Однако среднестатистические работающие женщины, адресующие Бантинг письма с поздравлениями и просьбами, не осознавали, что заведение было создано для необычных женщин, которые каким-то образом уже получили доступ ко многим из этих вещей.
Поняв это, многие испытали разочарование; но некоторые полагали, что предоставляемые немногим избранным преимущества когда-нибудь распространятся и на них. «Новости об Институте для меня — как глоток свежего воздуха. И я уверена, ваши действия окажут огромное положительное влияние на страну и на всех студенток и преподавательниц», — писала одна выпускница Рэдклиффа 217. «То, что принесет пользу талантливым стипендиаткам, окажет благотворное влияние и на всех нас», — рассуждала другая. Одна женщина назвала Институт «даром богов», другая рассказала, что, узнав о его открытии, почувствовала «сильнейшее чувство гордости», которого «не испытывала с момента рождения первого ребенка».
Но не все были так довольны. Изрядное количество выпускниц Рэдклиффа написали весьма недоброжелательные письма, обвиняя президента Института в том, что она «спустила женщину-хранительницу очага с пьедестала»218. В одном из таких писем Бантинг напомнили обо всех моментах, которые упускает работающая мать: «видеть, как ее ребенок делает первые шаги, слышать его первые слова»219. В другом мать четверых детей резко критиковала Институт — она писала, что вместо того, чтобы поддерживать женщин, которые бросают своих детей, следует наконец рассмотреть возможность присвоения «степени доктора домашнего хозяйства тем, кто проделал выдающуюся работу в этой сфере» (письмо завершалось двадцатитрехстрочным лирическим стихотворением — хвалебным гимном быстротечным радостям материнства)220. Все эти выпускницы считали, что Бантинг хочет, чтобы женщины отказались от своей самой важной работы или свели ее к минимуму.

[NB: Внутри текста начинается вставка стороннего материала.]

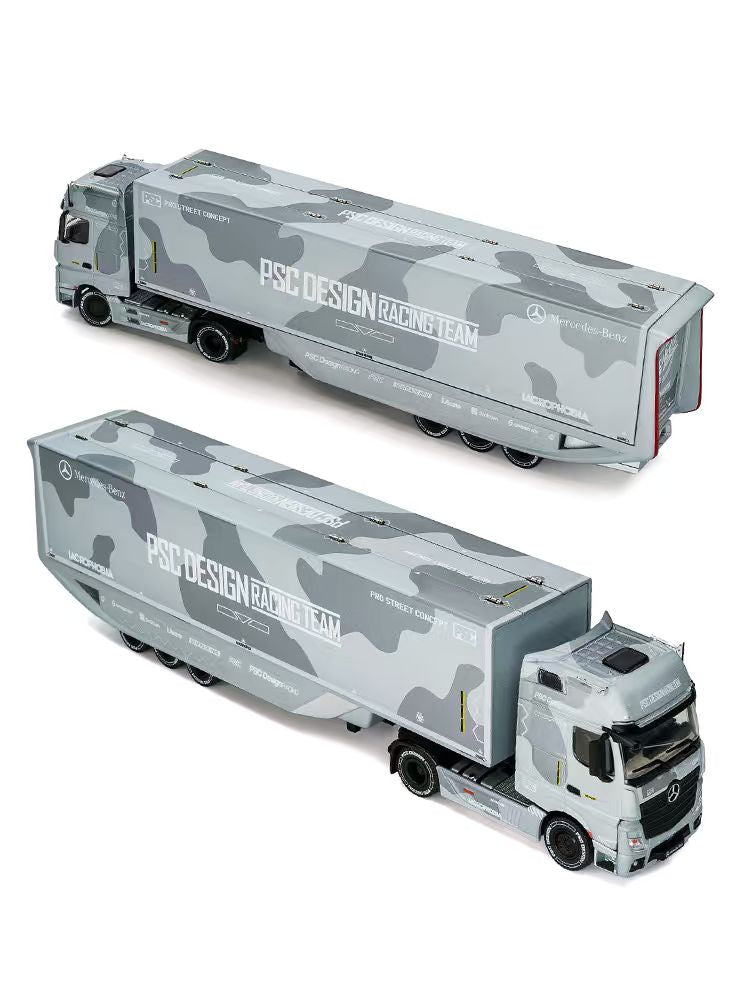 [Preorder] TimeMicro 1:64 Mercedes-Benz: Actros Aero Trailer PSC Fighter Jet Gray TM646753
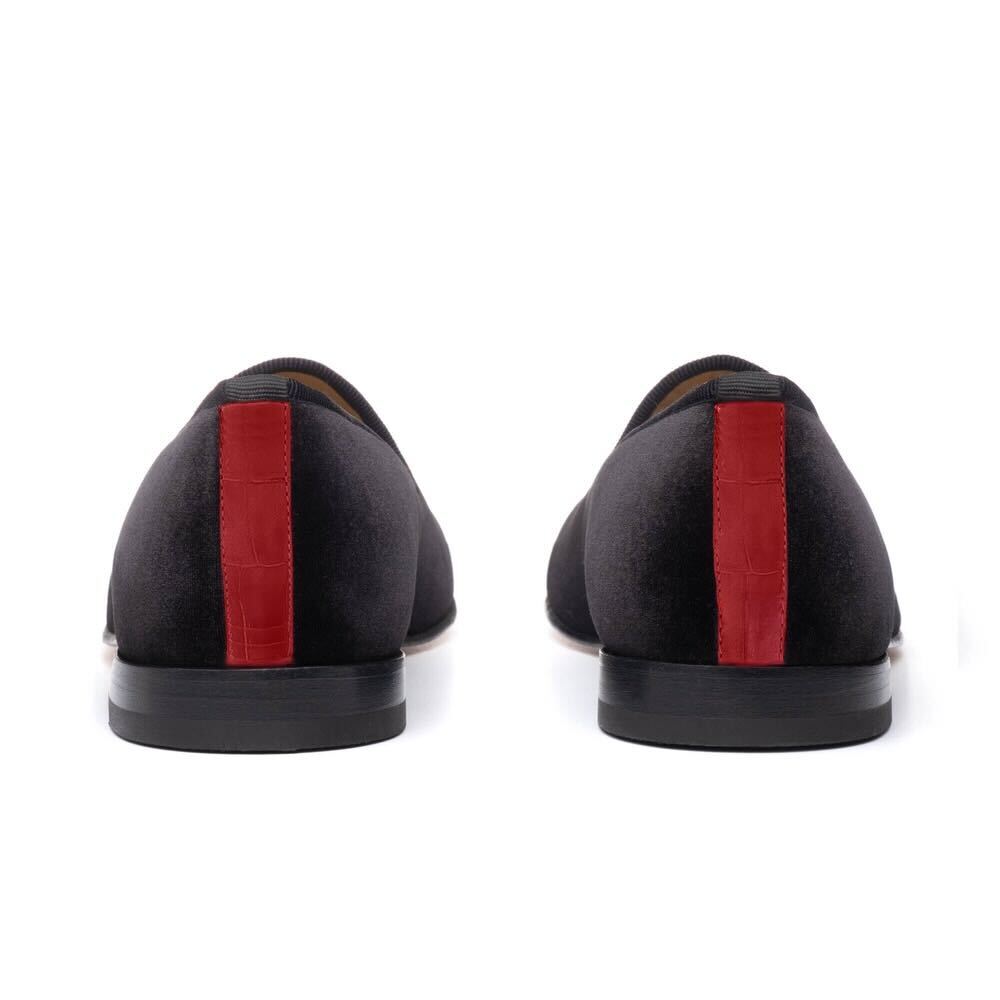 Men's Black Velvet Slipper II With Red Croc Effect Leather Stripe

Критики на стипендию не подавали. Как и некоторые из претенденток, которые и хотели бы, но понимали, что не соответствуют предъявляемым требованиям. Цикл подачи продолжался без них, и представительницы обоих лагерей с завистью или презрением наблюдали за процессом, желая знать, кому же достанутся первые стипендии Института.
Однажды пятничным майским днем Кумин просматривала почту и там, среди счетов и личных писем, обнаружила письмо из Рэдклиффского колледжа. «Дорогая миссис Кумин, — прочла она. — Я рада сообщить о вашем назначении на должность младшей научной сотрудницы Рэдклиффского института независимых исследований»221. Смит — отправительница письма — свяжется с Максин, как только появится дополнительная информация, а пока шлет поздравления и добрые пожелания. Это было не первое ответственное вступительное испытание Кумин, даже в сам Рэдклифф она поступала уже дважды. Тем не менее учеба всегда успокаивала Максин, и она радовалась возможности отдохнуть от роли учителя, пересев за парту. Кумин была готова снова стать студенткой.